Known for having a top game day atmosphere and experience in Division III, Warhawk football is forced to give up their cannon during the playoffs, along with their introduction video and the smoke machines used as the team enters the field. The NCAA installed rules, just after the football team had its rise to the national stage in the mid 2000’s, which limited home field advantages such as shooting the cannon.

“We’ve hosted a number of playoff games… we have a really good feel for what you can and can’t do. I think the thing we always fall back on is making sure it is fair for both teams,” said Director of Athletics Ryan Callahan. “We used to have the cannon during playoff games but that was an artificial noisemaker so we can’t do that during the playoffs anymore.”

NCAA rules prohibit the use of artificial noisemakers, the document specifically states cannons are not allowed. This means fans miss out on a staple of Warhawk football’s game day atmosphere. Army veteran Mike Lesko, “The Cannon Man,” has been firing his 300 pound replica Confederate cannon after every Warhawk score for the last 27 years. He said that the noise is what makes this unique part of Whitewater’s atmosphere a hit. Lesko lets volunteers and randomly picked people to shoot the cannon.

“The idea originally was to have the ROTC department shoot it,” said Lesko. “When we approached our senior instructor they said ‘no, can’t do it’ because it would be a political statement, this being in 1993, what possibly?… So that’s why the ROTC has never shot it here, where they probably shoot it at every other university that has a cannon.”
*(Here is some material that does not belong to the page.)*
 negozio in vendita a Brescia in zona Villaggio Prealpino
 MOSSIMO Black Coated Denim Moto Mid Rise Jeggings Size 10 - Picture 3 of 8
The missing pieces are not just due to NCAA rules. The Warhawk Marching Band, normally seen on the field performing during the regular season at halftime, does not perform on field during the playoffs. The number of band members in the stands is substantially lower during the playoffs than a regular season game. This is due to Band Director Glenn Hayes’ decision not to push the marching band too far.

“We have always had the policy here, that I instituted, that playoff football would be a volunteer pep band, and everyone has been happy with that,” said Hayes. “The reason is I think it’s too much to ask students to commit to four additional Saturdays, not knowing if they are going to occur or not. It ties up family plans, plus it’s deer season, it’s Thanksgiving weekend, we have our gala concert on the first Saturday… It’s cold as all get out, which is tough on the instruments.” 

The band director explained that other universities have had issues with member numbers as a result of being required to perform on field during playoff season, Hayes said the numbers fell by nearly 50 percent. This shows that in part thanks to their absence from the field during the playoffs, the Warhawk Marching Band can keep its high numbers and quality, keeping their title of “Wisconsin’s finest.”

“Our show is written for the full Warhawk Marching Band,” said Hayes. “If we went out there with 60 people, it would look like a bad game of connect the dots, there would be no form, there would be missing parts. Sometimes I yield the national anthem to the press box because we don’t have enough.”

NCAA rules and the best interest of the Warhawk Marching Band mean that playoff game atmosphere relies solely on the fans and the team’s performance on the field. Lucky for the Warhawk football team, there was an average attendance of over 10,500 each game in Perkins Stadium this season. Warhawk fans will need to bring the energy as they cheer on all the teams fighting for a national title.